In-context segmentation is an important proxy task for unifying different segmentation tasks, and it has garnered significant attention from the research community. Our paper delves deeply into this task, and we summarize our contributions, novelty, and academic insights as follows:
-
Ambiguities in Visual Prompting: This paper is the first to explore the task ambiguity problem in prompts within in-context segmentation (supported by sZmi and nRMP). This is an important and novel issue that has been underexplored. We investigate the conflicts among multiple tasks in in-context segmentation from the perspective of task ambiguity and provide effective solutions, offering valuable insights to the research community.
-
Investigating the Capabilities of VFMs: Utilizing Visual Foundation Models (VFMs) to address various tasks is becoming a research trend. Our paper explores how to efficiently transfer the visual representations of VFMs to in-context segmentation, a research paradigm that currently lacks extensive exploration in the in-context segmentation field.
-
Lightweight and Effective Decoder: We thoroughly analyze the challenges brought by task ambiguity (see Lines 181-185) and design the M-Former structure to address these issues. The novel dual-path design and Shared SA in M-Former ensure efficient decoding while avoiding information confusion across tasks of different granularity.
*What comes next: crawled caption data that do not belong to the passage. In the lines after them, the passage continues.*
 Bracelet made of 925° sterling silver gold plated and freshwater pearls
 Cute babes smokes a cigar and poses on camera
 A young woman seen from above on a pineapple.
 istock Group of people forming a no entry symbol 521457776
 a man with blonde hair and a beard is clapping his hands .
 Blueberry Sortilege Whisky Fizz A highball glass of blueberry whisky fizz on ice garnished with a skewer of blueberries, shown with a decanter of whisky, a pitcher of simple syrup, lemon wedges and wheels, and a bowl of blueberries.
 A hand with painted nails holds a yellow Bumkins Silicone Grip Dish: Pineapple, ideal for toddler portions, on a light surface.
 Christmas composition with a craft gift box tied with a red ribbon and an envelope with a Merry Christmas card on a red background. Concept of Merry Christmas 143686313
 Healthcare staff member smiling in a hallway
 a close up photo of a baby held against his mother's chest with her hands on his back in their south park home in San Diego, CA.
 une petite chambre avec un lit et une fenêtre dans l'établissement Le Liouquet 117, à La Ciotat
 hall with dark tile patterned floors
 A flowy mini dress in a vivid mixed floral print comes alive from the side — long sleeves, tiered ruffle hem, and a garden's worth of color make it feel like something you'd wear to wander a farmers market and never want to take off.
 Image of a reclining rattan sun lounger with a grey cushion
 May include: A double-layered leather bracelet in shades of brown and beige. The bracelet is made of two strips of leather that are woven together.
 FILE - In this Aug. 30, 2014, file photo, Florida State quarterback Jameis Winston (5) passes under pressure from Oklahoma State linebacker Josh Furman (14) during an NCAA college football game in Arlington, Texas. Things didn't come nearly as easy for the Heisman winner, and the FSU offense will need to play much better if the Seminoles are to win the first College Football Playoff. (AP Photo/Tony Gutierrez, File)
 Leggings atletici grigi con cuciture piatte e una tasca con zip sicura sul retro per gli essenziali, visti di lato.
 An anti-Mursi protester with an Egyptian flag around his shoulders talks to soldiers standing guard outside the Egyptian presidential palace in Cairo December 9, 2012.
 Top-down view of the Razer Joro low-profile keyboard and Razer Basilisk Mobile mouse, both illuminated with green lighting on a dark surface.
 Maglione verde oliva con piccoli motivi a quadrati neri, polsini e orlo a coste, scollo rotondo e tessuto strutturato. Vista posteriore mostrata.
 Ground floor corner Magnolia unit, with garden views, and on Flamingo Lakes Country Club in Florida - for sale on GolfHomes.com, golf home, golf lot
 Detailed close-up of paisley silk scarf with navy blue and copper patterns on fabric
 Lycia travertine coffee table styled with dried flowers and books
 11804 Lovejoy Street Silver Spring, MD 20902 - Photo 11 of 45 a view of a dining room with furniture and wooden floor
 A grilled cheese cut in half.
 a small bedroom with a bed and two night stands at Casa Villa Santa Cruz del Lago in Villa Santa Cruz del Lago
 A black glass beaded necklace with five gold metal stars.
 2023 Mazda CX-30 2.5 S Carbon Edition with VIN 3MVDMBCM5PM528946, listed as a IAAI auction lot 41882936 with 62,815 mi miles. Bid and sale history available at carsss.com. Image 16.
Additionally, unlike previous methods, SINE achieves significant performance improvements with fewer trainable network parameters. Thus, our method also demonstrates novelty.
Taken together, these contributions represent novel insights to the academic community.
The attached PDF contains 3 additional results:
-
Generalizability of SINE beyond semantically similar objects. (sZmi)
-
Visualization of part segmentation. (sZmi)
-
Visualization comparisons between SINE and SegGPT on video and image tasks. (2YmX)
This paper received split recommendations after the post-rebuttal discussion. The rebuttal adequately addressed most reviewer concerns about technical correctness and experimental validation. During an extensive author-reviewer discussion, the authors provided additional detailed analyses and explanations that satisfied three reviewers. Only Reviewer 2YmX recommended rejection on the grounds of insufficient technical novelty. All reviewers agreed on the clarity of the motivation, the quality of writing and presentation, and the adequacy of the experimental validation. Despite the lack of technical breakthroughs, the proposed solution to the problem of task ambiguity in in-context segmentation seems ingenious and effective enough to interest the broad NeurIPS community.